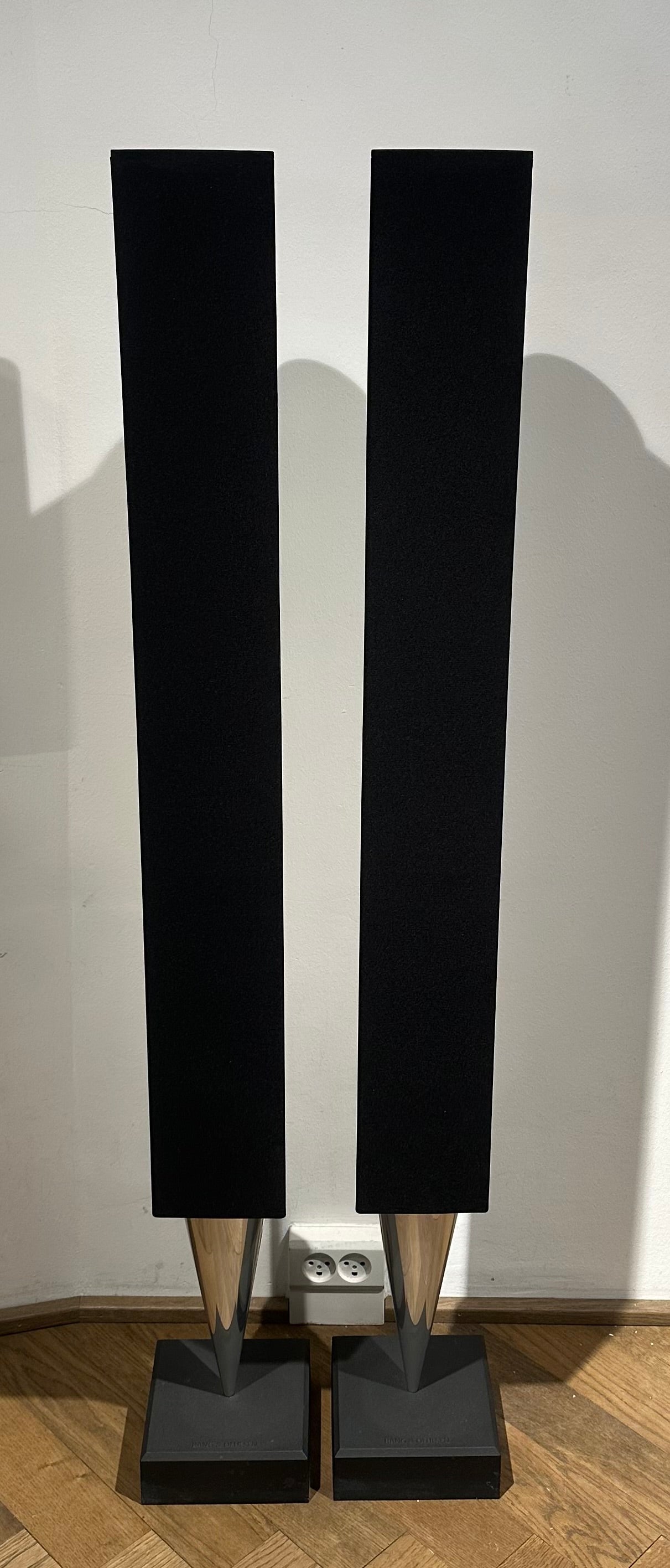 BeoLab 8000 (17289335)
■ ■ ■
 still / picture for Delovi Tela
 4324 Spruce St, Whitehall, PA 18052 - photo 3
■ ■ ■
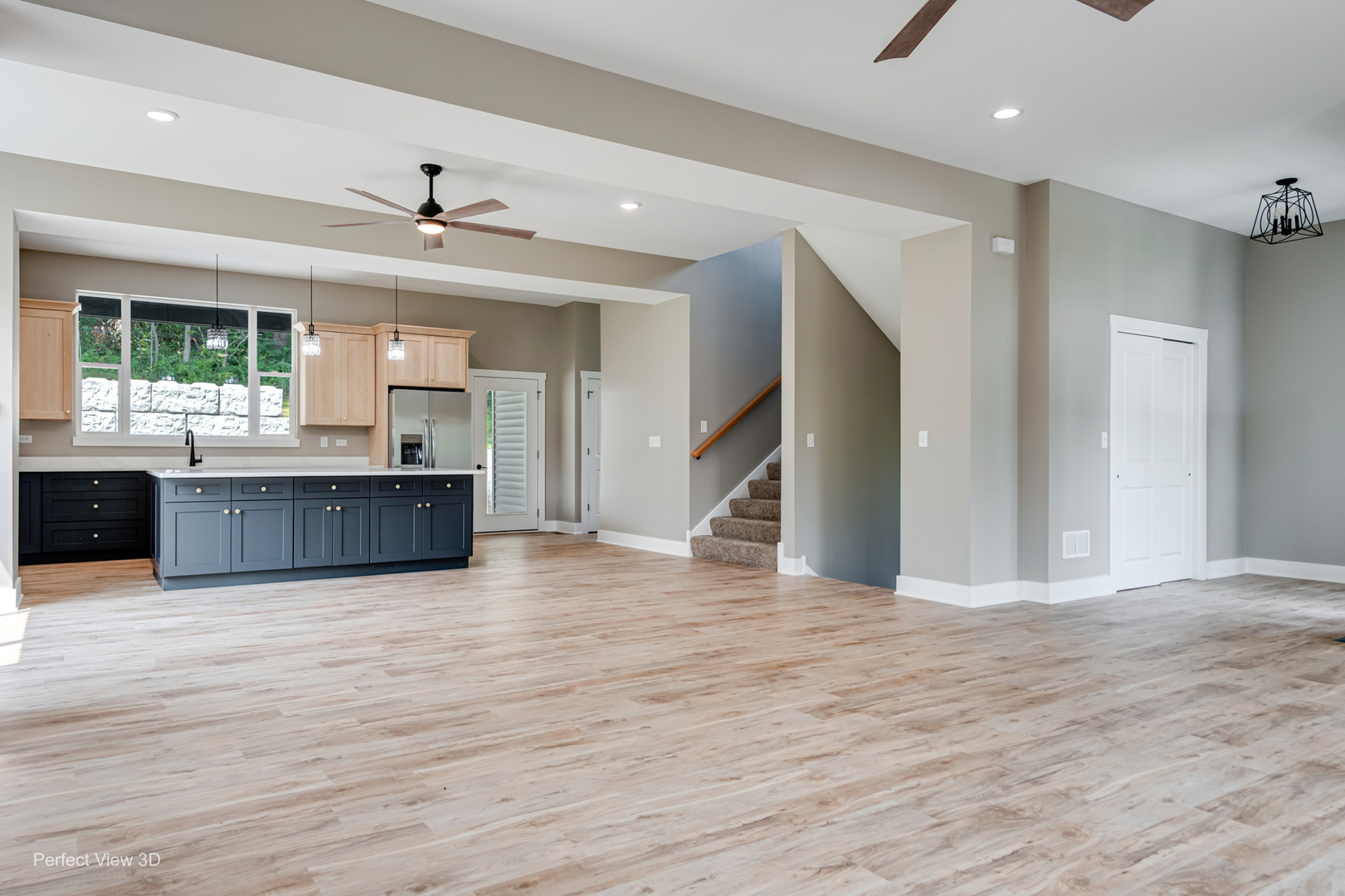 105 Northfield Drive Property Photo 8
■ ■ ■
* _Assigned task_: Copy only this part of the entries above: the line with "still / picture for Delovi Tela", the line with "4324 Spruce St, Whitehall, PA", and the lines between, all exactly as written.

* _Solution for this task_:
 still / picture for Delovi Tela
 4324 Spruce St, Whitehall, PA 18052 - photo 3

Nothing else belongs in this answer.